The law is in a constant state of flux. Not only do legislators at both the state and federal levels constantly create new laws or update existing ones, but the courts have to hear legal arguments that can change precedence and interpretation of the law. Those facing criminal charges often need assistance interpreting existing laws and precedent to develop a defense to their pending charges.
The Miranda Warning that officers provide before questioning an individual under arrest is necessary because of a Supreme Court ruling. For decades, officers have had to provide the Miranda Warning or risk undermining their chances of a successful prosecution.
A recent Supreme Court ruling on a Miranda Warning case has changed some of the rules that apply. Does the Miranda Warning still protect you while you are in state custody?
What the Supreme Court decided
Claims that the Supreme Court did away with Miranda Warning protections are overblown and inaccurate.
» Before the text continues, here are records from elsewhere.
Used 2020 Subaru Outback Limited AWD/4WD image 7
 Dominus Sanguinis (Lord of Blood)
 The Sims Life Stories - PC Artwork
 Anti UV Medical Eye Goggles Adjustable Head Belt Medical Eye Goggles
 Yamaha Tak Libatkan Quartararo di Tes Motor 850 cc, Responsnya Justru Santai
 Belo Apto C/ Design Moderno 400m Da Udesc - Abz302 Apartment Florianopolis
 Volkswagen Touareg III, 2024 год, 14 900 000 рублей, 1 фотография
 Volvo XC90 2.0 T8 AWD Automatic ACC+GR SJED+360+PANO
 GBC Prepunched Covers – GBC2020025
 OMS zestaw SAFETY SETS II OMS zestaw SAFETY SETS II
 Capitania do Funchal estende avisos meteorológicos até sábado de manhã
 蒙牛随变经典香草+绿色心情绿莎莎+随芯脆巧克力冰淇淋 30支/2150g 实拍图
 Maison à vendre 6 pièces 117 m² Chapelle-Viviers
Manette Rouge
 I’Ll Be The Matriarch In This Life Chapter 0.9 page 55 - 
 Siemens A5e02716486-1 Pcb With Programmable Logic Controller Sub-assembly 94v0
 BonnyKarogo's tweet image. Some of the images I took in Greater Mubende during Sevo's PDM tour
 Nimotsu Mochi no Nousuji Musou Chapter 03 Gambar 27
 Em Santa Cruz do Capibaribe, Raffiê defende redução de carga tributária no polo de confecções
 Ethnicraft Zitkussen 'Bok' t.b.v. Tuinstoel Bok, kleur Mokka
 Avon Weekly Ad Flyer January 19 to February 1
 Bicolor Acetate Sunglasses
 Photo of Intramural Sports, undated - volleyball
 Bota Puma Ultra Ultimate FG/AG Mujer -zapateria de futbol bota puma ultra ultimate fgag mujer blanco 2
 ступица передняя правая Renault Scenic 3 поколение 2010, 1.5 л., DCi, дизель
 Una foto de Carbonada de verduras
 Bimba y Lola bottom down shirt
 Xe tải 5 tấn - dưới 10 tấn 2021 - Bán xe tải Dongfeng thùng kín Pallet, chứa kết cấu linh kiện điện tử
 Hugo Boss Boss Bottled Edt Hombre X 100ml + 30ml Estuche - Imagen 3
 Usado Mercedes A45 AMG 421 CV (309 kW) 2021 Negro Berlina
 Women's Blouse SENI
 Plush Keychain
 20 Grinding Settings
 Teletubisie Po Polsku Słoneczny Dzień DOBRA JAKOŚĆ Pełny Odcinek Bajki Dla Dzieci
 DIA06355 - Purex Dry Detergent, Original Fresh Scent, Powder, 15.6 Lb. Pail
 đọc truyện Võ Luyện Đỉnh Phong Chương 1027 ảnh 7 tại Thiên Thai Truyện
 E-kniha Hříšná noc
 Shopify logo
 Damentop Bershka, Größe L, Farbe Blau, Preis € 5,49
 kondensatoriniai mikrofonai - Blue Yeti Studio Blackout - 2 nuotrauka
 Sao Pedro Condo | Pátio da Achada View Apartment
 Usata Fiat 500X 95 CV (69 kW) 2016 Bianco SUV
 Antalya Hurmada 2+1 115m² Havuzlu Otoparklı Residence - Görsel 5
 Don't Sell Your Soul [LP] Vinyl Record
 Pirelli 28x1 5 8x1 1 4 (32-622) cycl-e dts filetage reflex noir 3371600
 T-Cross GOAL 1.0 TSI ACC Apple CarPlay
Every individual taken into state custody should still hear about their right to an attorney and the right to remain silent prior to questioning.
What the Supreme Court determined was that those who have their Miranda rights violated cannot bring a civil lawsuit against the police officers or police department involved. Defendants will still be able to challenge the inclusion of certain evidence or statements in a case against them based on violations of their Miranda rights and can still invoke their Miranda rights while in police custody.
Keeping up to date about changes to your legal protection can help you navigate the criminal justice system more effectively.